Back to Dagger

DagQL Cache Basics

skills/cache-expert/references/cachebasics.md

0.21.012.6 KB
Original Source

DagQL Cache Basics

This is the high-level overview doc for the dagql cache.

It is intentionally focused on the basics:

  • what the cache is trying to do
  • what a call is
  • what GetOrInitCall does
  • what Result, ObjectResult, and sharedResult are
  • what the main cache APIs are that core, core/schema, and core/sdk actually use

For details on specific subsystems, see the other docs:

  • egraph.md
  • cache_persistence.md
  • cache_pruning.md
  • session_resources.md
  • lazy_evaluation.md
  • typedefs.md
  • dynamicinputs.md
  • dagqltypes.md

Goals

The cache exists to give dagql a coherent identity and lifecycle model for engine values.

At a high level, it wants to:

  • dedupe repeated operations by semantic identity
  • track exact result dependencies as a DAG
  • keep live results retained while something still owns them
  • allow detached tentative results during execution and materialize them only when needed
  • support content-based equivalence, persistence, pruning, lazy evaluation, and session-resource gating on top of the same core result model

The fundamental operation is: given a call, either get the existing result for that call or initialize it once.

That is GetOrInitCall.

What a call is

The cache keys off a CallRequest.

CallRequest has two layers:

  1. ResultCall, which is the semantic/provenance description of the operation
  2. request-only cache policy, like:
    • ConcurrencyKey
    • TTL
    • DoNotCache
    • IsPersistable

The semantic ResultCall is the important part for identity.
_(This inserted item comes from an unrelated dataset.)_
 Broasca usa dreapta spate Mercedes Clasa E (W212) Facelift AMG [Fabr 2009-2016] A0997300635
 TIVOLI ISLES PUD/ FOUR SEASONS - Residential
It includes:

  • field name
  • return type
  • receiver
  • module provenance
  • explicit args
  • implicit inputs
  • view
  • nth list selection
  • extra digests

So when we say "cache key" here, what we really mean is "the identity derived from this structured call."
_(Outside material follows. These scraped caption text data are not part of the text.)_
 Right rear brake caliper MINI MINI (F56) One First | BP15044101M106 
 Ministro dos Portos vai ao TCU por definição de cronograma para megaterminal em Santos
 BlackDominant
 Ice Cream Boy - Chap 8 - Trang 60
This is also why module inputs are worth mentioning explicitly: the module associated with a call is itself represented as another result reference inside ResultCall.Module, so it participates in both identity and dependency tracking.

What GetOrInitCall does

Cache.GetOrInitCall(ctx, sessionID, resolver, req, fn) is the basic call path.

High level flow:

  1. Validate the request.
  2. If DoNotCache is set, just run fn directly and return an uncached detached result, unless fn returned an already attached result.
  3. Otherwise derive the request's recipe identity from req.ResultCall.
  4. Look for a matching cached result.
  5. If there is a hit, return the attached result and add a session ownership edge.
  6. If there is a miss, maybe dedupe against an in-flight equivalent call using ConcurrencyKey.
  7. If still a miss, run fn, materialize/attach the result, normalize dependencies, and publish it.
  8. Track session ownership, TTL, persistence eligibility, lazy state, and so on.

That is the central cache contract.

One important practical note: most core and core/schema code does not call GetOrInitCall directly. Normal dagql field selection does that for you. The code outside dagql more often interacts with already-created results and uses APIs like Evaluate, AttachResult, AddExplicitDependency, and result helper methods.

sharedResult: the real thing

sharedResult is the fundamental underlying cache object.

It is what actually lives in the cache. Result and ObjectResult are wrappers around it.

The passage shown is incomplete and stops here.